Can I use input data with categorical axes? Not immediately. The concept of a volume only makes sense in a Euclidean space, which requires real-valued continuous axes. To work with categorical axes you will need to transform them into a continuous space, e.g. via ordination after Gower dissimilarity transformation. Note however that this necessarily destroys information about the data and the chosen distance/dissimilarity metric is unlikely to produce an object with a well-defined volume that can be compared to other objects constructed in the same way. If the categorical data are ordered (e.g. 'low', 'medium', and 'high') they can be converted to integer codes and used as continuous variables. This is only recommended if the number of levels is large (e.g. at least five or fix).
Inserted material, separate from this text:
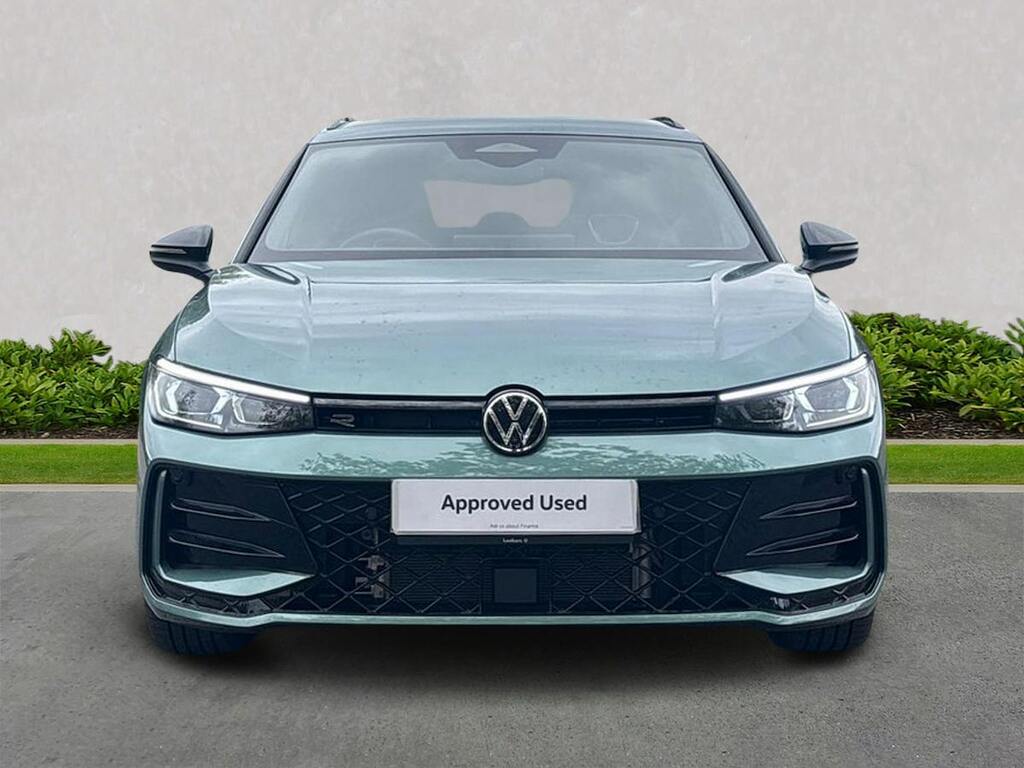 Volkswagen Passat 1.5 Tsi Ehybrid 19.7Kwh R-line Estate P Green #4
I generally do not recommend transforming categorical axes for use in hypervolumes.
Can I use input data that are the output of a non-metric multidimensional scaling (NMDS)? Yes, but this ordination is not distance-preserving, so inferred volumes may not be reasonable or comparable. I do not recommend doing this. See also the answer to previous question.
How do I choose the bandwidth parameter?
There is no objective way to choose the bandwidth parameter. You can use the provided estimate_bandwidth function to try one possibility that trades off between variance in the data and sample size. However this Silverman estimator is only optimal for univariate normal data and has unknown properties when used elsewhere. In particular, this estimator is not guaranteed to minimize the mean integrated square error.
Why does the set operations algorithm fail to find a non-zero intersection, or why does the negative features algorithm fail to find any negative features? There are three possibilities. First, the true answer may be zero. However if this seems unlikely, there are two other possibilities. First, the dimensionality of the analysis may be very high relative to the number of data points. If the hypervolume has a high @DisjunctFactor then it effectively is not connected to itself, and represents a sparse set of points in a mostly-empty space. Therefore it is very unlikely to ever intersect another hypervolume. You can resolve this either by increasing the kernel bandwidth or by reducing the dimensionality of the analysis. Second, the hypervolumes may have been constructed using too few uniformly random points. In this scenario the algorithm does not have sufficient resolution to reliably perform the calculation of interest. You can increase repsperpoint (hypervolume), npoints_max (hypervolume_set), set_npoints_max (negative_features), or npoints_inhull (expectation_convex) to resolve this problem. In general higher values of these four parameters will produce more accurate results at the tradeoff of higher memory allocation and runtime. For estimated Type I and Type II error rates, consult Blonder et al. (2015).
When and how can I compare two hypervolumes?
Hypervolumes can only be compared if they are constructed using the same axes (both number of axes and identify of axes). The volume of a hypervolume is in units with dimensionality equal to the dimensionality of the axes; while it appears to be just a scalar number its units will change. Thus a 3-dimensional volume of '11.2' is not comparable to a 4-dimensional volume of '65.8': it is neither smaller nor larger, but simply incomparable.
How do I animate or save a 3D plot? Two-dimensional plots can be saved using standard R commands. However three-dimensional plots use the RGL library and must be saved differently. To save a snapshot of a plot, run your normal plotting commands, then: rgl.bringtotop(); rgl.snapshot('test.png'). If you would instead like to save an animated GIF of a rotating hypervolume, you can run movie3d(spin3d(),duration=5,movie='mymovie',dir='./').
Why do I not get the same answer if I run the same code repeatedly? The algorithms are stochastic and depend on the state of the random number generator. If results are unreliable, increase the number of Monte Carlo samples. Alternative you can make results repeatable by fixing the random number generator seed in your code, e.g. set.seed(3).
Last updated 24 December 2014.